*EXERCISE GOAL:* Please restate the data that follows word for word, with the pictures left out.

*INPUT DATA:*
<<<<

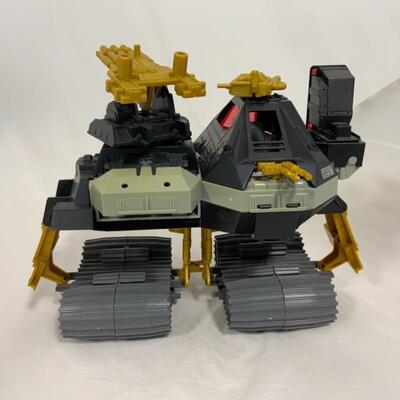 -264- GI Joe | 1988 D.E.M.O.N. Vehicle | Two Buzz Boars 1987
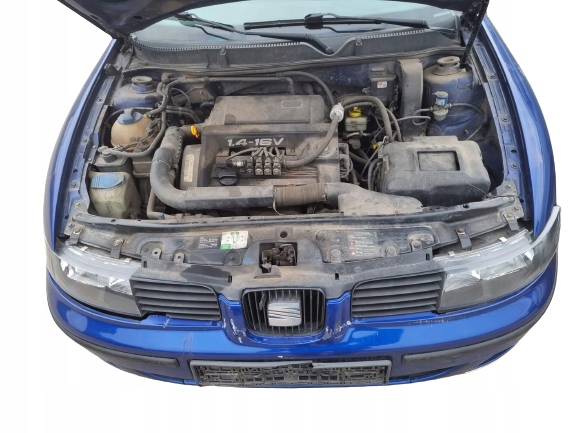 фото №9, Усилитель тормоза seat leon 1.4b 01r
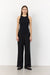 Naja 7 Pants - Black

>>>>

*WRITTEN ANSWER:*
 -264- GI Joe | 1988 D.E.M.O.N. Vehicle | Two Buzz Boars 1987
 фото №9, Усилитель тормоза seat leon 1.4b 01r
 Naja 7 Pants - Black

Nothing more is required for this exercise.